Material provided -
-=-=-=-=-

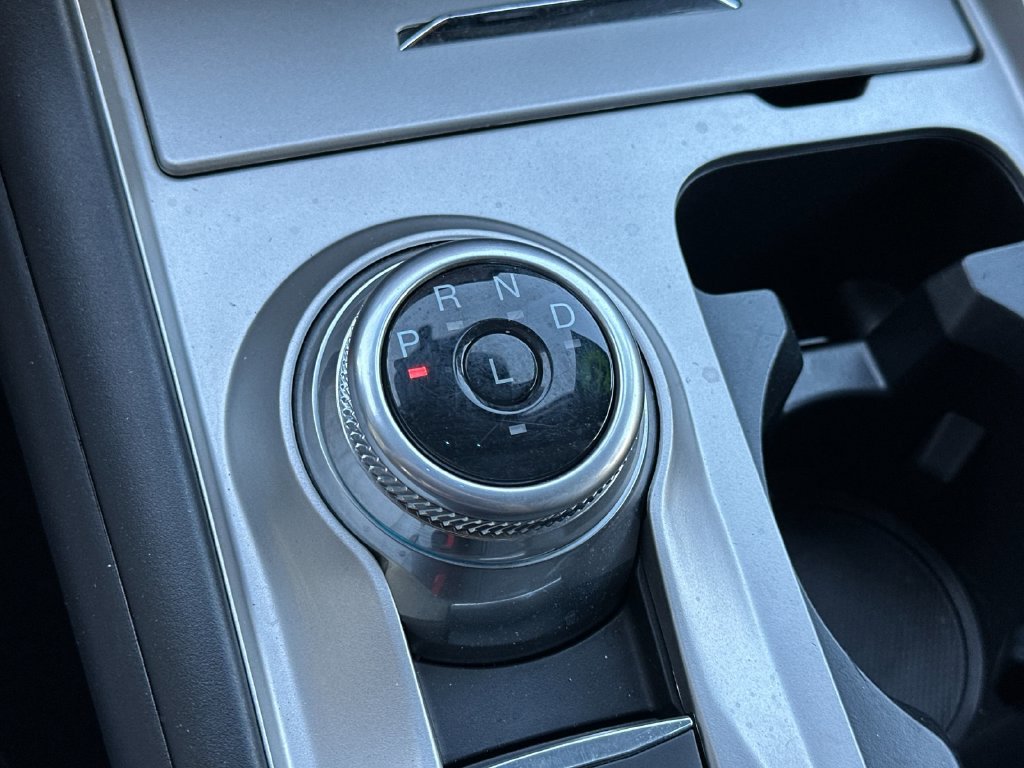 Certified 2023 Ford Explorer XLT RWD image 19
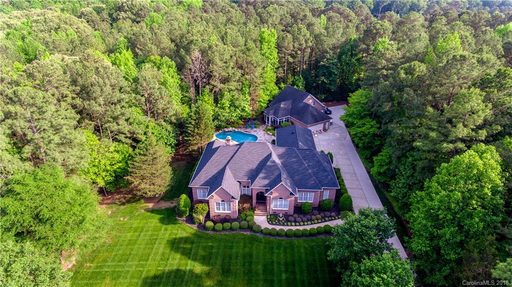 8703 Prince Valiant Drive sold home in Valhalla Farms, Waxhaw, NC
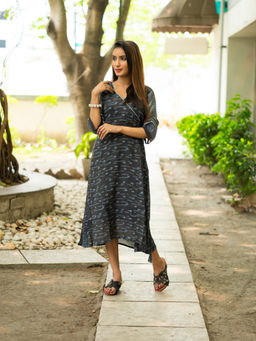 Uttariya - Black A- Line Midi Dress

-=-=-=-=-

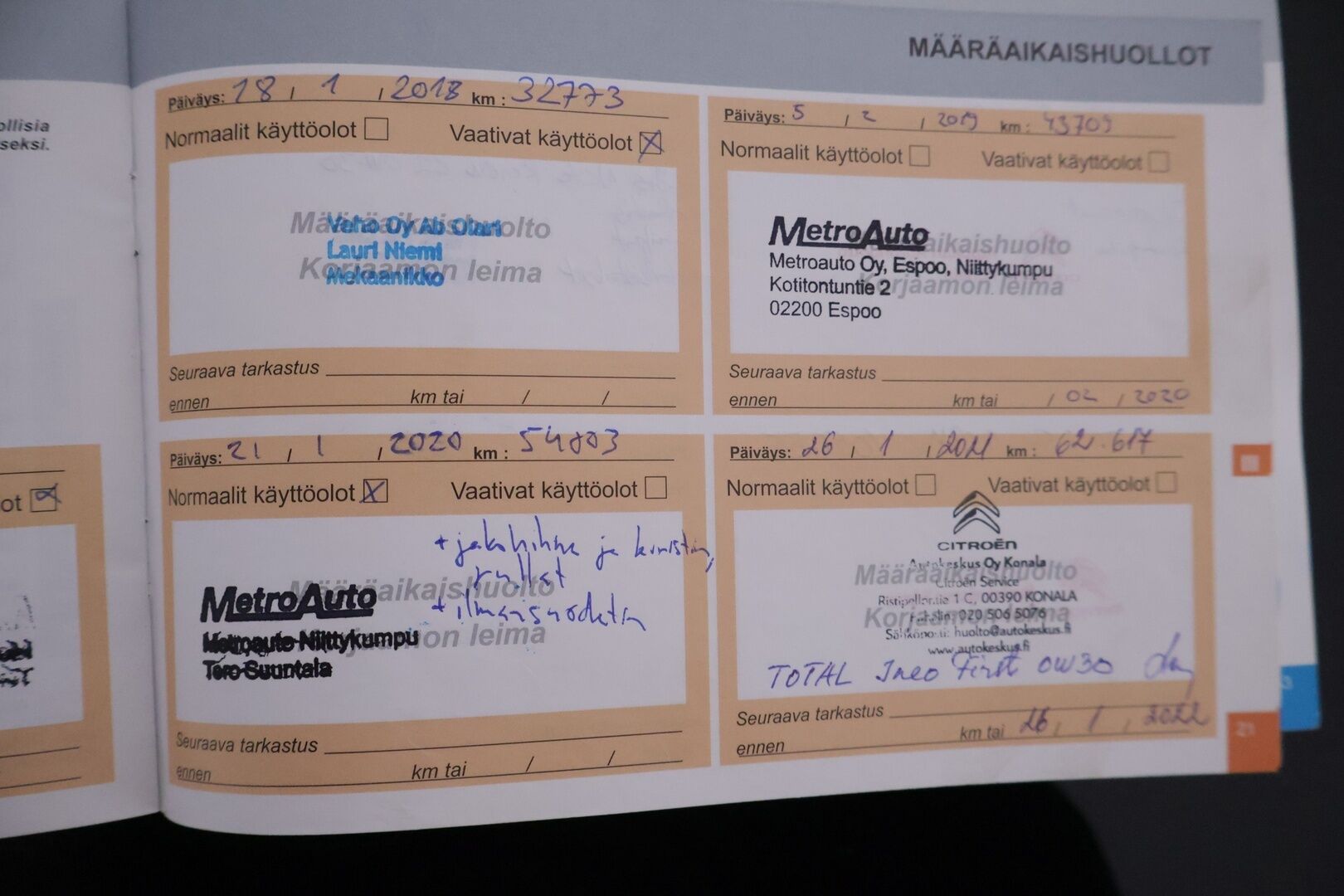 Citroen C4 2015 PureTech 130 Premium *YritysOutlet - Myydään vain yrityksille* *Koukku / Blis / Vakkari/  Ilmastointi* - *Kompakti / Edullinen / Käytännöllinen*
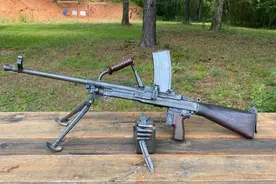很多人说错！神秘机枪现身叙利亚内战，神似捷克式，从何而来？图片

-=-=-=-=-

Action item - The output is the stretch above from the line with "Certified 2023 Ford" through the line with "Uttariya - Black A- Line Midi Dress", copied word for word with both ends kept and every picture dropped.

Answer box -
 Certified 2023 Ford Explorer XLT RWD image 19
 8703 Prince Valiant Drive sold home in Valhalla Farms, Waxhaw, NC
 Uttariya - Black A- Line Midi Dress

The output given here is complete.